* **PROBLEM TO SOLVE**: Here is the listing. Report each line in it that contains the string "Project".

* **AVAILABLE RECORDS**:
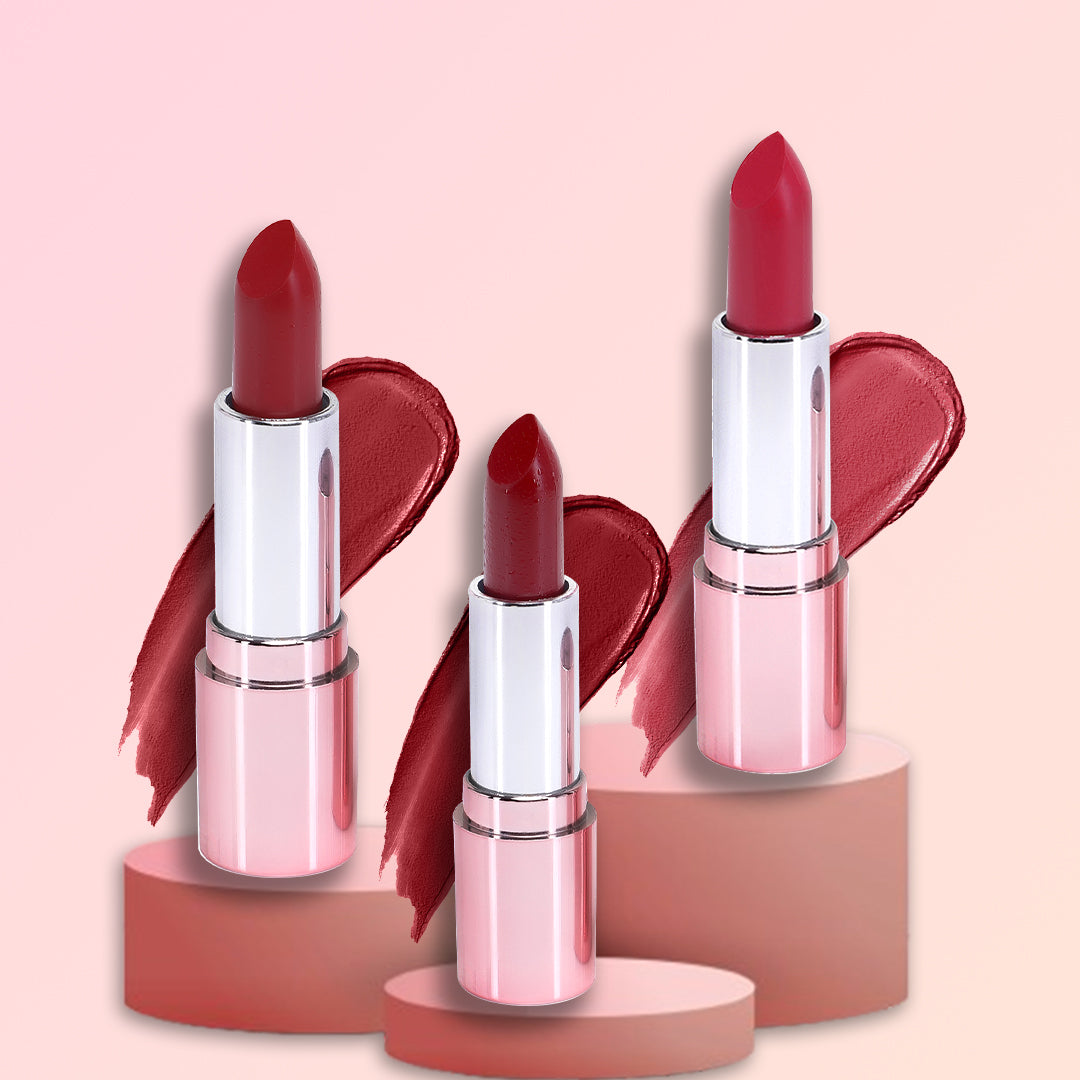 Moraze Matte Lipstick Trio – Bold & Moisturizing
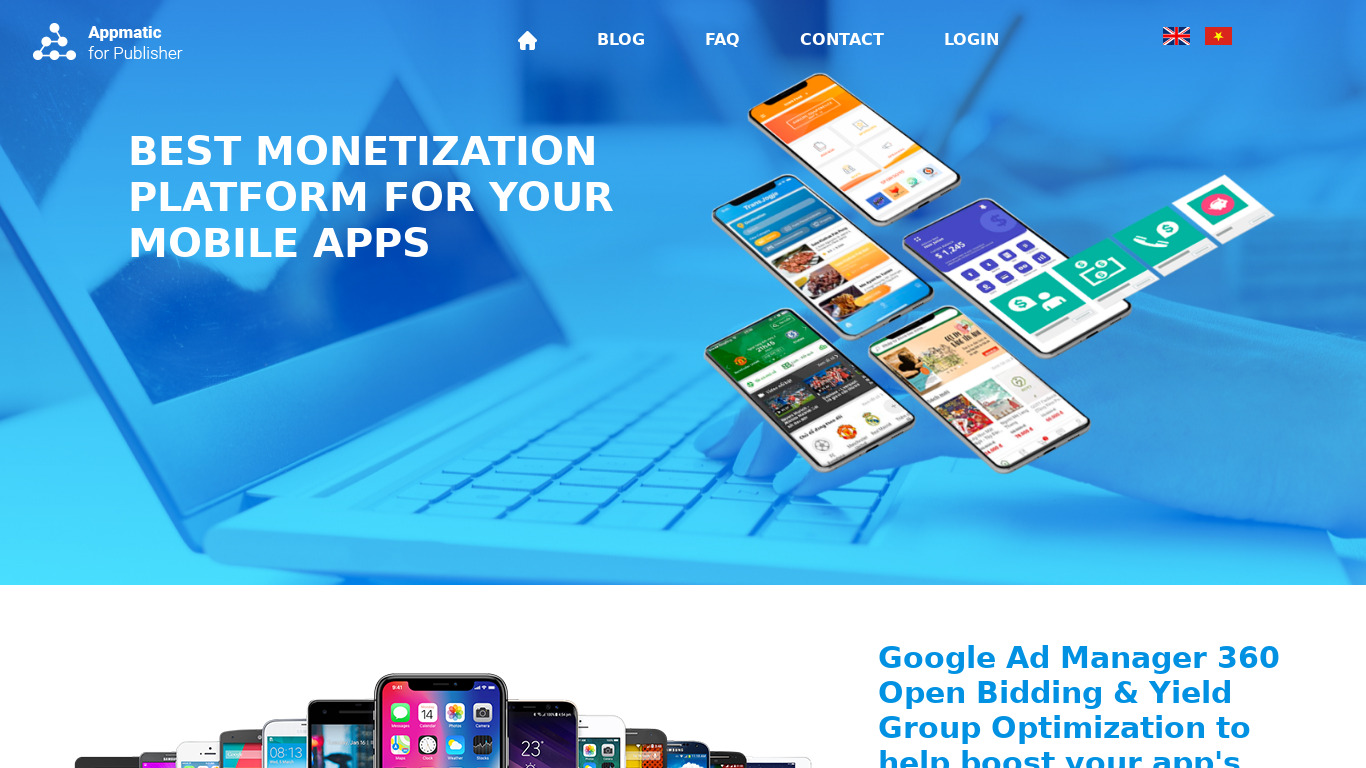 Appmatic Landing page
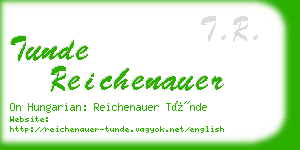 tunde reichenauer business card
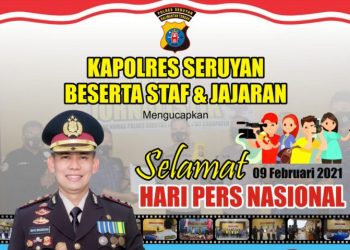 Kapolres Seruyan Ucapan “Selamat Hari Pers Nasional Kepada Seluruh Insan Pers”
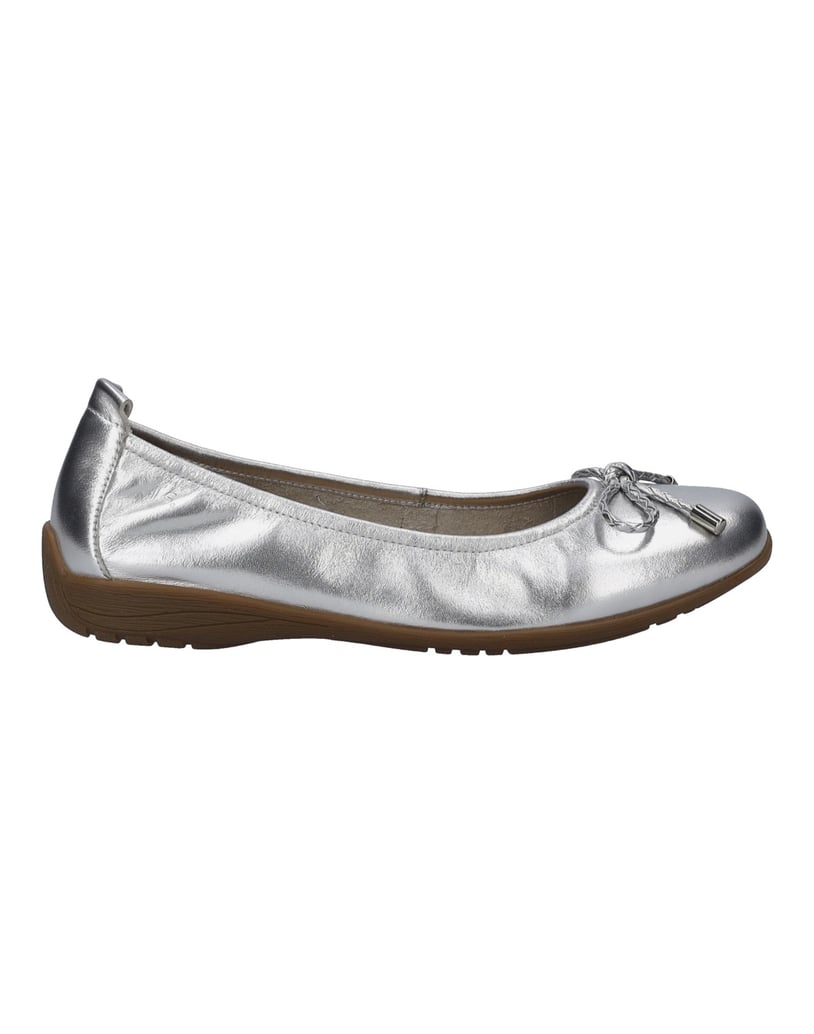 JOSEF-SEIBEL-JOSEF-SEIBEL-Fenja-09-|-Ballerina-für-Damen-|-Grau-silber
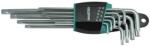 WHIRLPOWER Kulcs készlet Whirlpower® 158-1109, 9 részes, hosszított, Torx, ExtraLong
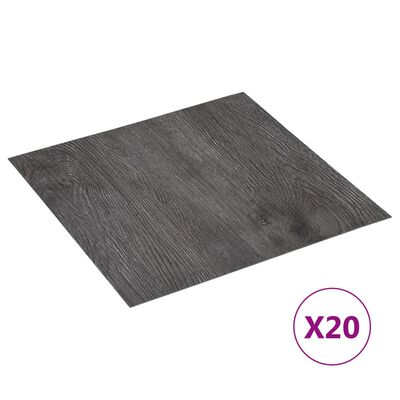 vidaXL Tarimas de suelo autoadhesivas 20 uds PVC marrón 1,86 m²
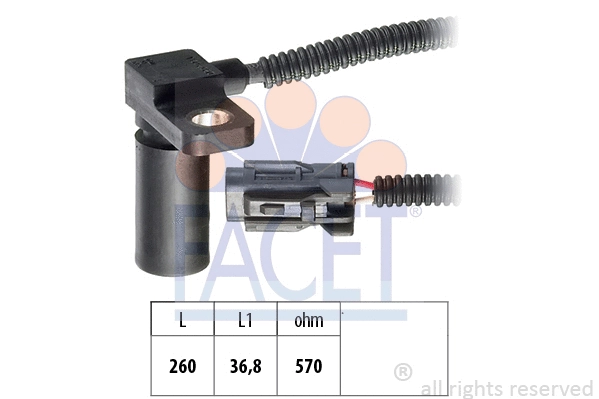 RPM Sensor, automatic transmission (9.0232)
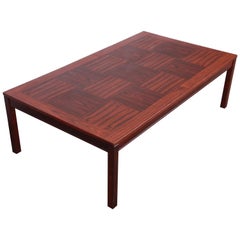 Heggen Scandinavian Modern Patchwork Rosewood Coffee Table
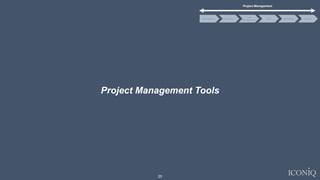 20
Project Management Tools
Project Management
Code
Management
CI/CD Monitoring DefenseDevelopment Verification
 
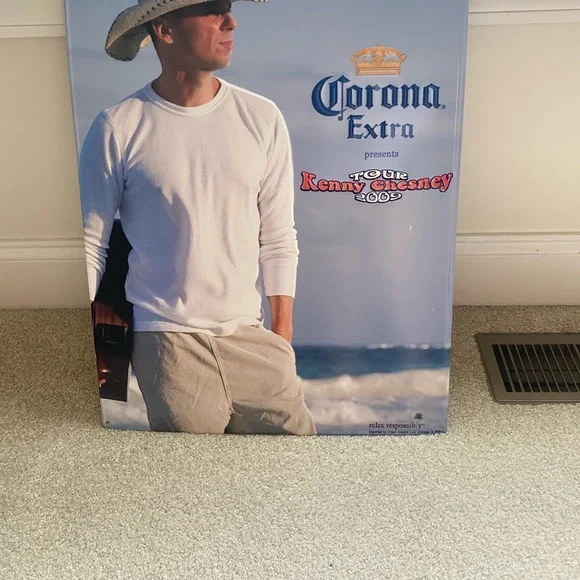 Kenny Chesney Corona Extra Kenny Chesney 2009 Tour metal sign  - Beach Graphic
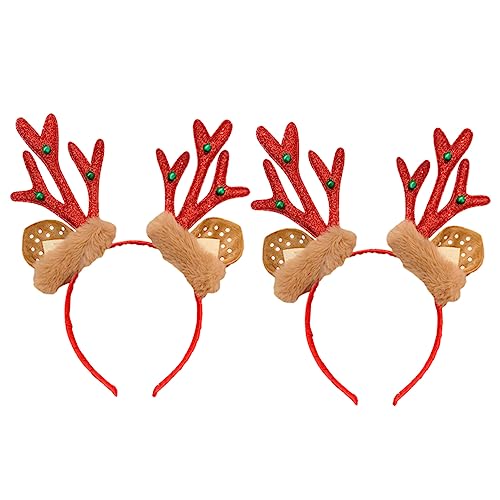 Didiseaon 2 Stück Weihnachts Rentier Haarreif Lustige Antler Stirnbänder für Festtagskostüme Fotorequisiten und Weihnachtsfeiern Romantisches Zubehör für Erwachsene Didiseaon 2 Stück Weihnachts Rentier Haarreif Lustige Antler Stirnbänder für Festtagskostüme Fotorequisiten und Weihnachtsfeiern Romantisches Zubehör für Erwachsene von Didiseaon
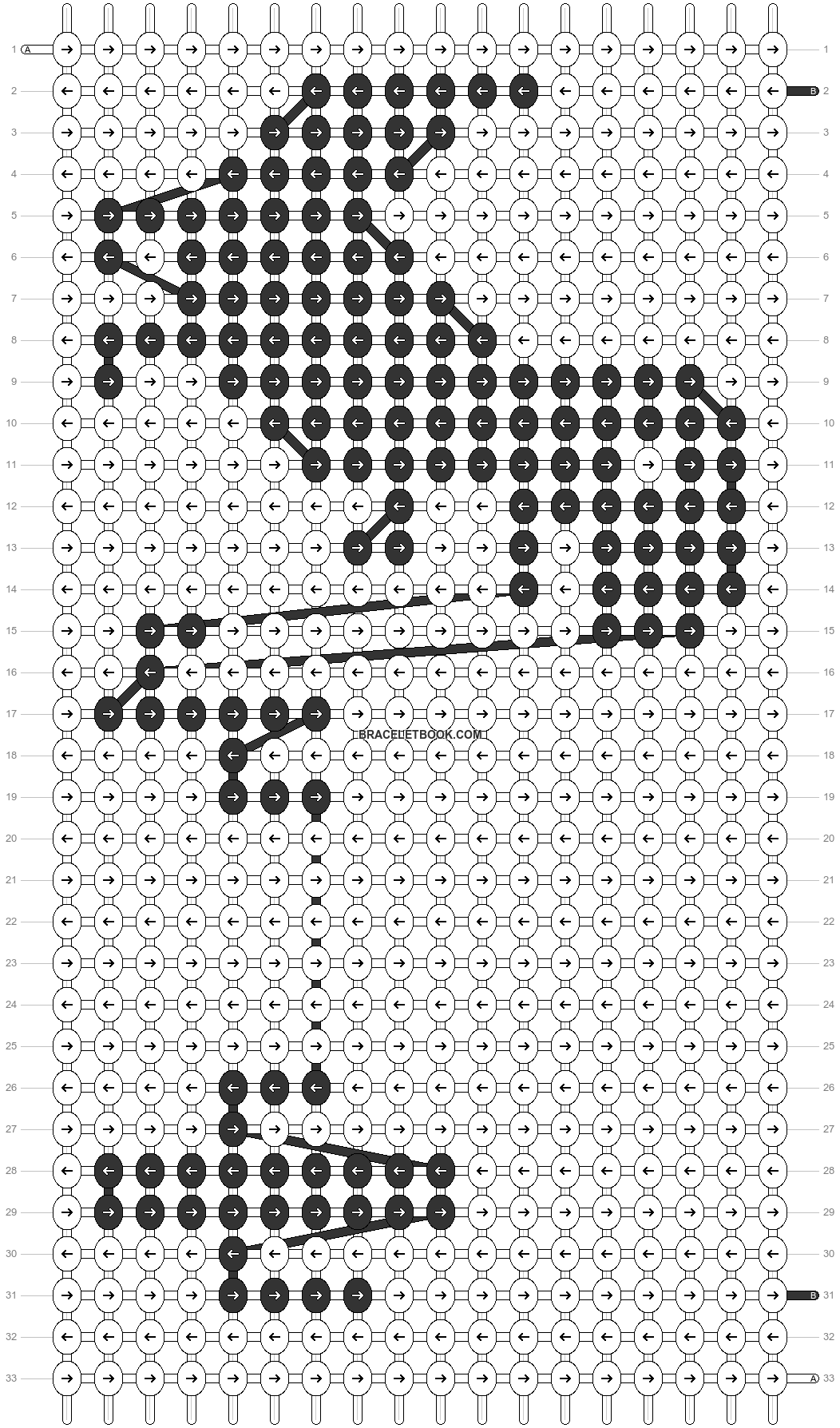 Alpha pattern #56413 variation #97633 pattern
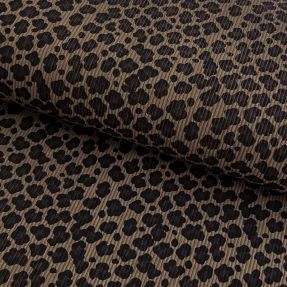 Sztruks STRETCH Little Leopard taupe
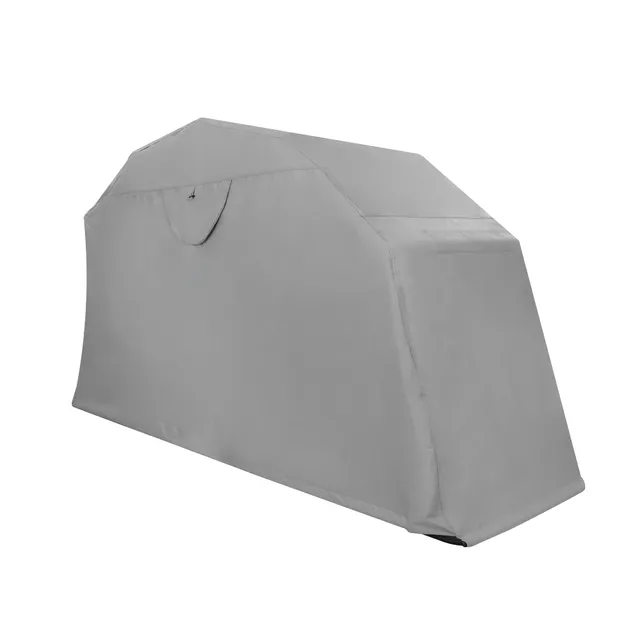 Q-Rax Mobili da Esterno Tenda Moto Media Grigia Oxford 600D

* **SOLUTION**:
Project Management Tools
Project Management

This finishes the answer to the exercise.